Pictures aside, quote the whole listing exactly.

Information supplied:
↓↓↓
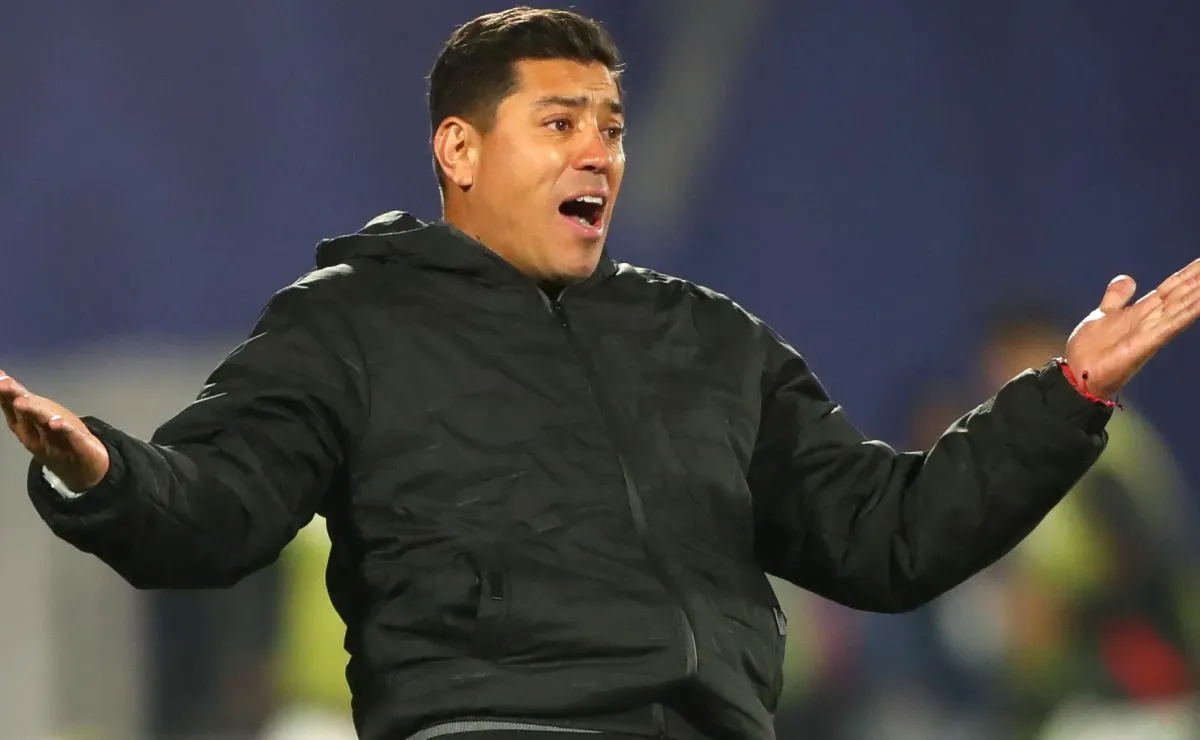 Nico Córdova critica actitud de plantel de Chile tras clasificación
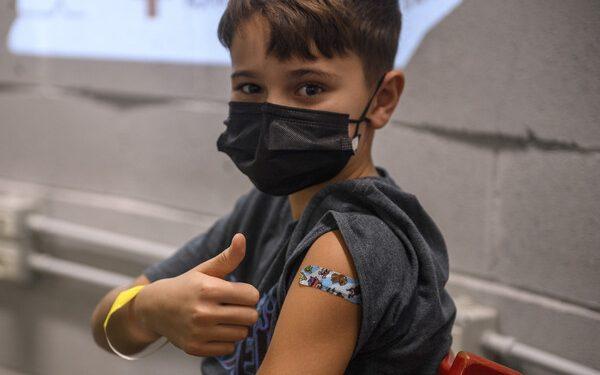 Εμβόλιο κορωνοϊού: Η FDA ενέκρινε αναμνηστική δόση για παιδιά 5 -11 ετών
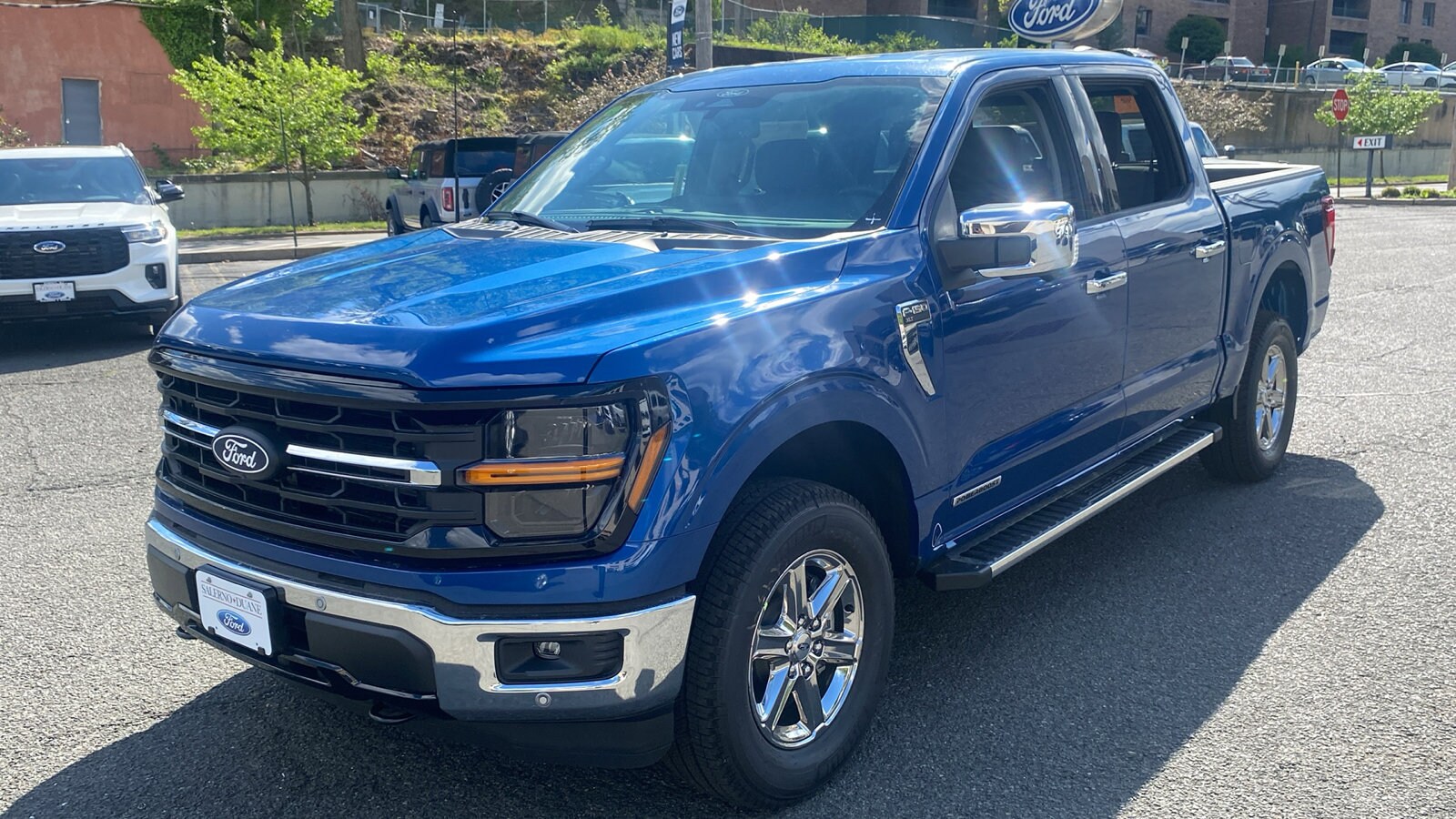 2025 Ford F-150 XLT photo 3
↑↑↑
Output below:
 Nico Córdova critica actitud de plantel de Chile tras clasificación
 Εμβόλιο κορωνοϊού: Η FDA ενέκρινε αναμνηστική δόση για παιδιά 5 -11 ετών
 2025 Ford F-150 XLT photo 3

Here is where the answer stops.